* Description of the task
Using the material below, print a verbatim copy of every line from the one containing "Photo of Word" through the one containing "Stock Photo - Students", inclusive, and omit the pictures.

* Records provided
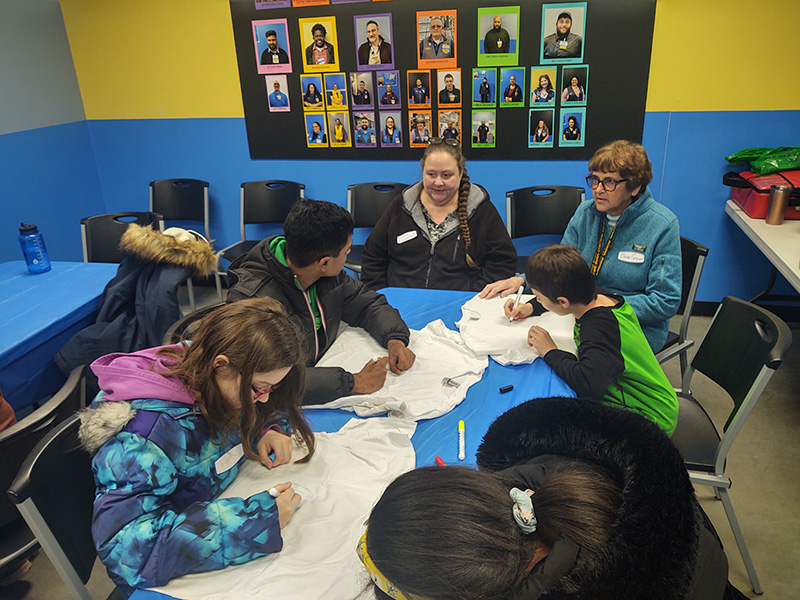 A group of four middle school students sit at a table with two adults decorating tshirts.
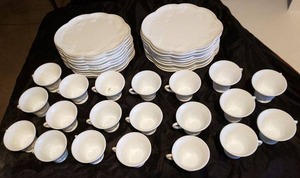 lot 223 image: Large Lot of Milk Glass Tea Plates and Cups with Grape Design - Set of 20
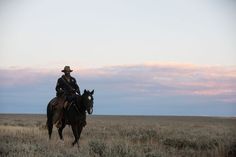 a man riding on the back of a brown horse across a dry grass covered field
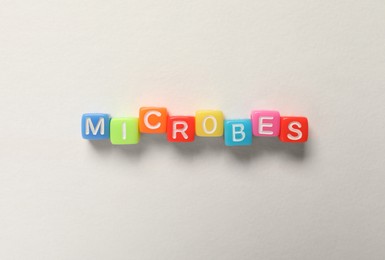 Photo of Word Microbes made with colorful cubes on white background, flat lay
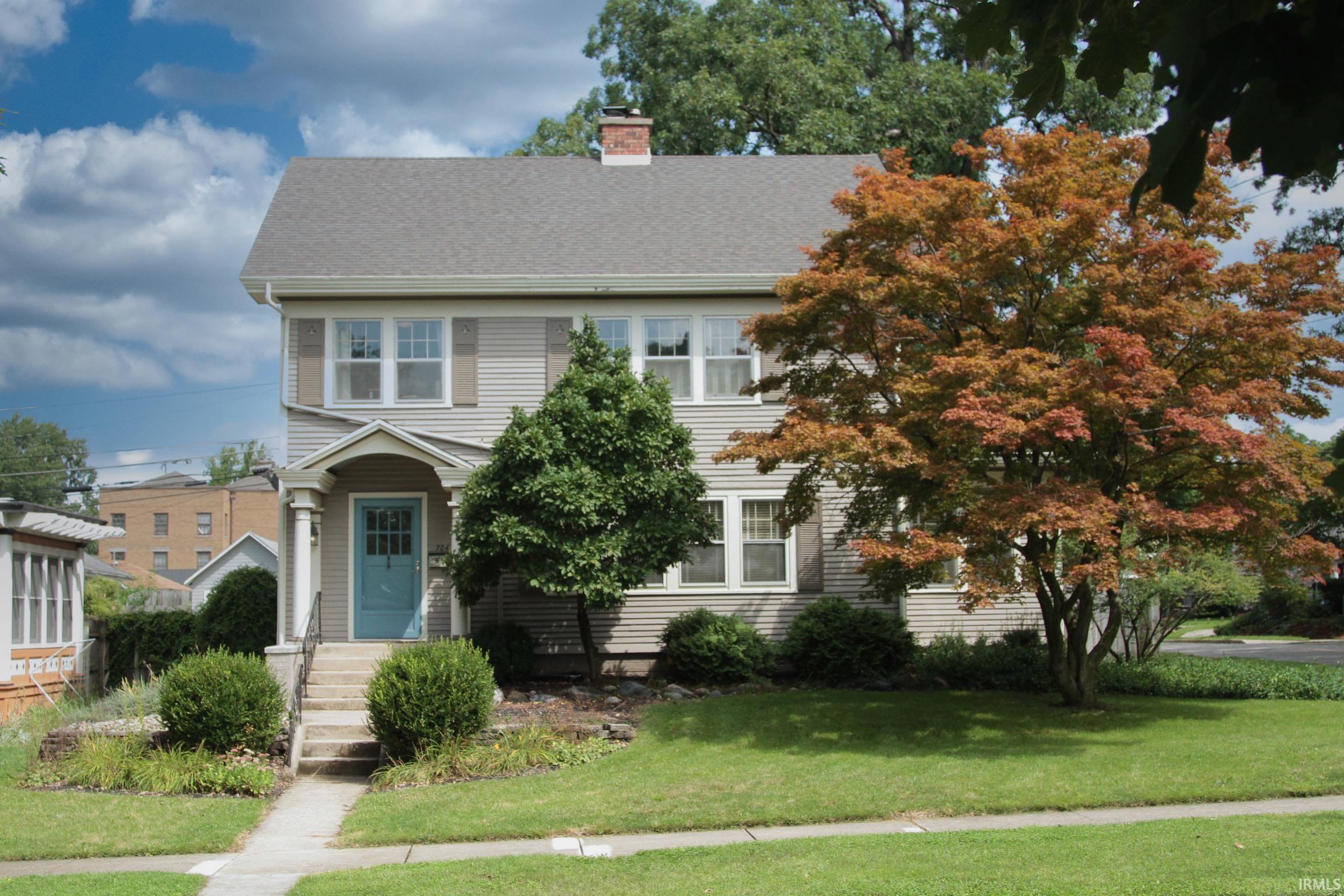 Two-story residence with a light gray siding exterior, featuring a covered front entry with columns and a contrasting blue door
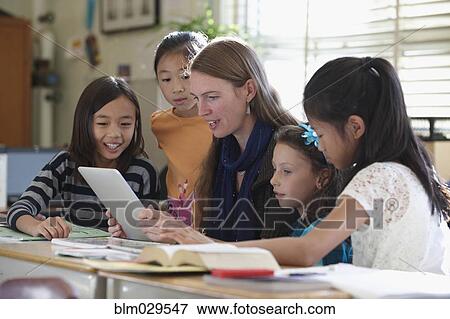 Stock Photo - Students and teacher using digital tablets in class. Fotosearch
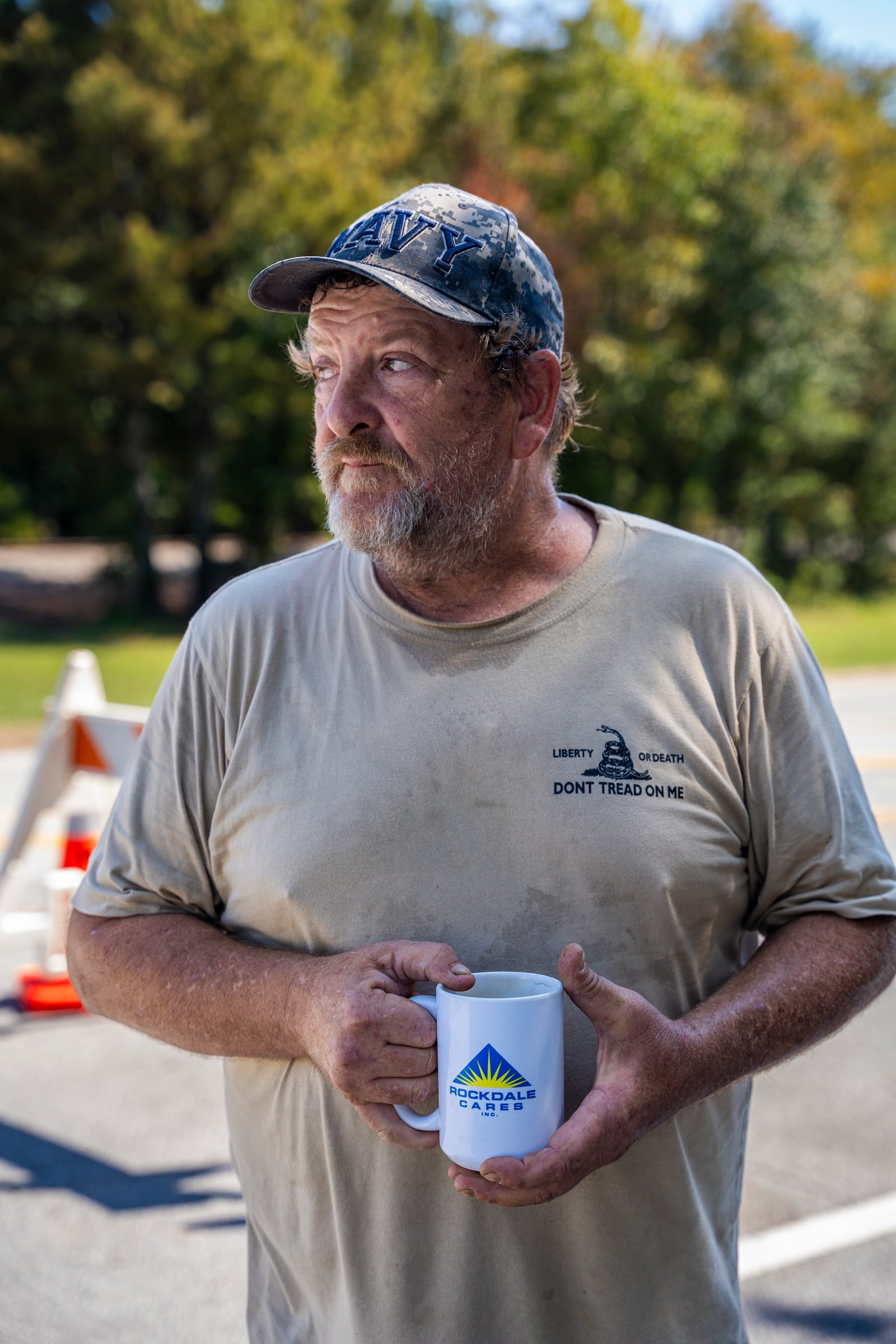 James Donegan stands in front of a barricade blocking cars from entering the street where he lives, recounting the past two weeks within the immediate evacuation zone following the BioLab incident in Conyers. The security guard explained on Oct. 8 that only people with respirators or a doctor’s note are allowed past the barricade, yet locals continue to reside beyond it. Donegan also shared that his home garden has turned yellow and is no longer salvageable. Olivia Bowdoin for the AJC.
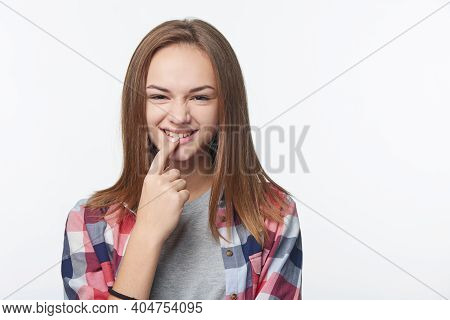 Playful Girl Inventing Some Prank Biting Her Finger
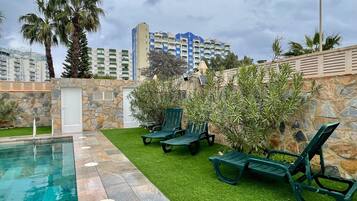 Relax by the pool surrounded by lush greenery and a stone wall.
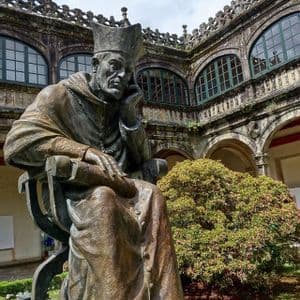 Una grande statua in bronzo di un chierico seduto in posa pensierosa, situata in un cortile storico in pietra con finestre ad arco.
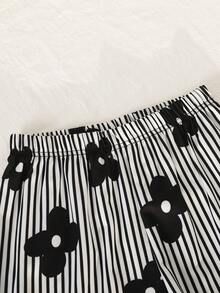 SHEIN 青少年女孩 T-shirt 套裝，運動風粉色與深綠色拼接短袖 T-shirt 與短褲套裝，夏季寬鬆貼身設計，輕量面料，適合日常外出、休閒運動或造型穿搭 - 黑與白 - 查看 8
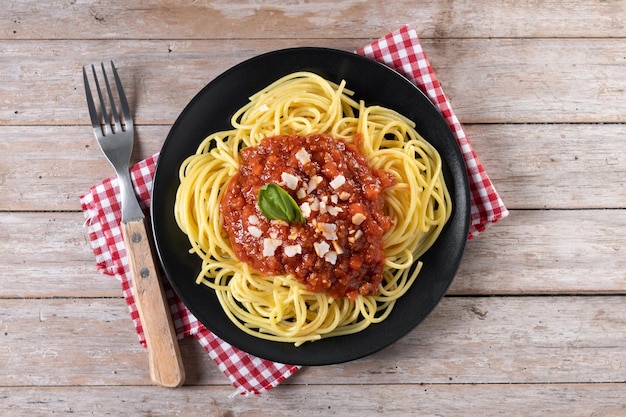 Spaghetti with bolognese sauce on wooden table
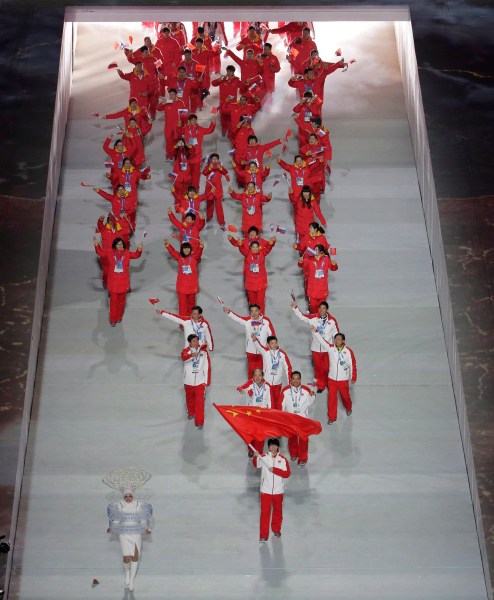 Tong Jian of China waves his national flag and enters the arena with teammates during the opening ceremony of the 2014 Winter Olympics in Sochi, Russia, Friday, Feb. 7, 2014. (AP Photo/Charlie Riedel)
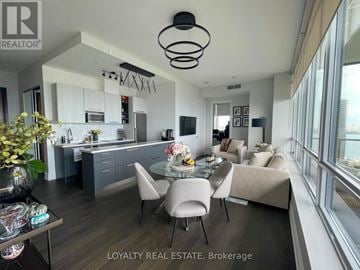 Toronto (Mimico) condo for rent - A modern kitchen with a dining table and chairs.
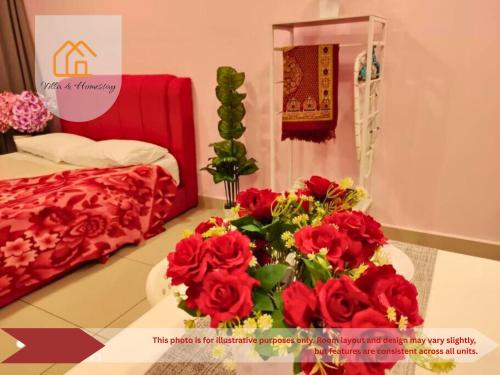 a room with a table with a bouquet of red roses at RumaKU at Cybersquare SOHO Cyberjaya - Studio - Wifi in Cyberjaya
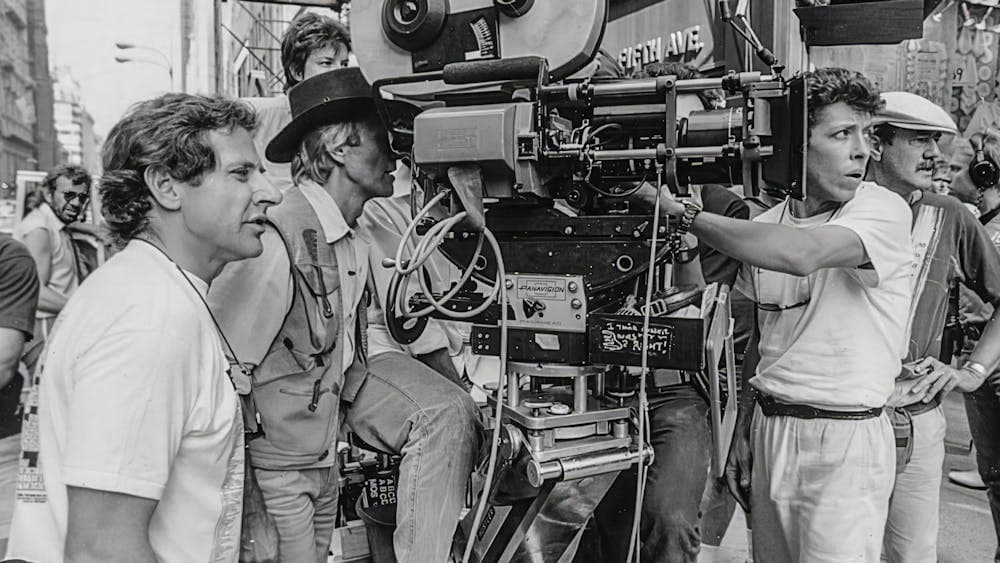 Black and white image of camera people all participating in shooting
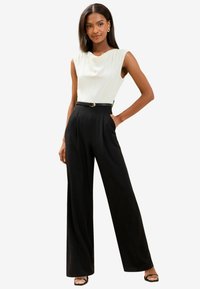 White cowl neck top with sleeveless design, paired with high-waisted black wide-leg trousers. Black belt with gold buckle accent.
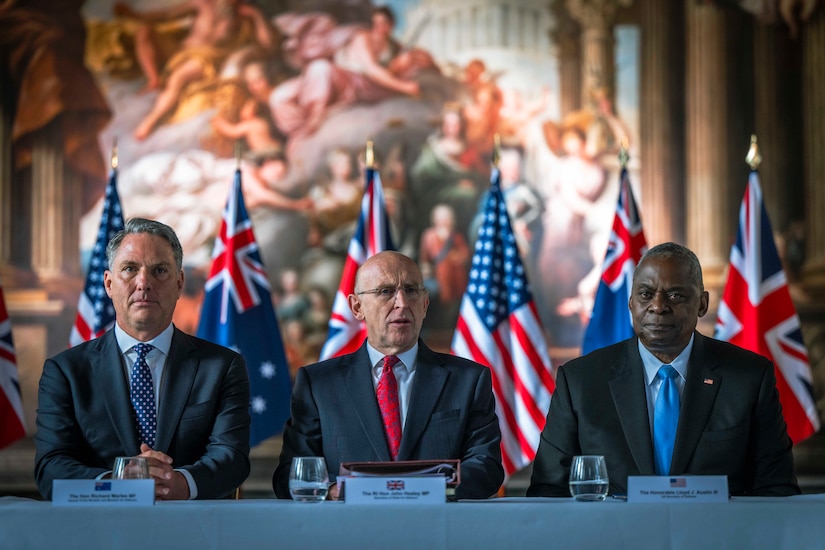 Three civilians sit next to each other at a long table.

* Answer
 Photo of Word Microbes made with colorful cubes on white background, flat lay
 Two-story residence with a light gray siding exterior, featuring a covered front entry with columns and a contrasting blue door
 Stock Photo - Students and teacher using digital tablets in class. Fotosearch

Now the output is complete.